What needs to be done:
Every entry below should be printed exactly.

Data extract:

========================================

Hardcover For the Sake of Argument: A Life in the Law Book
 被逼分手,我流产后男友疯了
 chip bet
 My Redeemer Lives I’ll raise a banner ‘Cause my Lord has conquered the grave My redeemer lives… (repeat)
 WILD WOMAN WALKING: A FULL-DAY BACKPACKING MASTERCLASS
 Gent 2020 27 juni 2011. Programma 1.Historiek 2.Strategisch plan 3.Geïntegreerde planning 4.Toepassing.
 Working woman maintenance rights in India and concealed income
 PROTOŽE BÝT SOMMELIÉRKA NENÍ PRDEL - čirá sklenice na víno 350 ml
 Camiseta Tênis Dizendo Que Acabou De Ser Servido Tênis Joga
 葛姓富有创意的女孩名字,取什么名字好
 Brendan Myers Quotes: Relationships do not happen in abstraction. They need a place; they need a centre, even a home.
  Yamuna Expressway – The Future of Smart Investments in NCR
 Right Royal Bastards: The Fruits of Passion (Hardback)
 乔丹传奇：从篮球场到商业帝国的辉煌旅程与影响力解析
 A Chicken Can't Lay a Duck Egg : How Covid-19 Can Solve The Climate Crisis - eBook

========================================

Response area:
Hardcover For the Sake of Argument: A Life in the Law Book
 被逼分手,我流产后男友疯了
 chip bet
 My Redeemer Lives I’ll raise a banner ‘Cause my Lord has conquered the grave My redeemer lives… (repeat)
 WILD WOMAN WALKING: A FULL-DAY BACKPACKING MASTERCLASS
 Gent 2020 27 juni 2011. Programma 1.Historiek 2.Strategisch plan 3.Geïntegreerde planning 4.Toepassing.
 Working woman maintenance rights in India and concealed income
 PROTOŽE BÝT SOMMELIÉRKA NENÍ PRDEL - čirá sklenice na víno 350 ml
 Camiseta Tênis Dizendo Que Acabou De Ser Servido Tênis Joga
 葛姓富有创意的女孩名字,取什么名字好
 Brendan Myers Quotes: Relationships do not happen in abstraction. They need a place; they need a centre, even a home.
  Yamuna Expressway – The Future of Smart Investments in NCR
 Right Royal Bastards: The Fruits of Passion (Hardback)
 乔丹传奇：从篮球场到商业帝国的辉煌旅程与影响力解析
 A Chicken Can't Lay a Duck Egg : How Covid-19 Can Solve The Climate Crisis - eBook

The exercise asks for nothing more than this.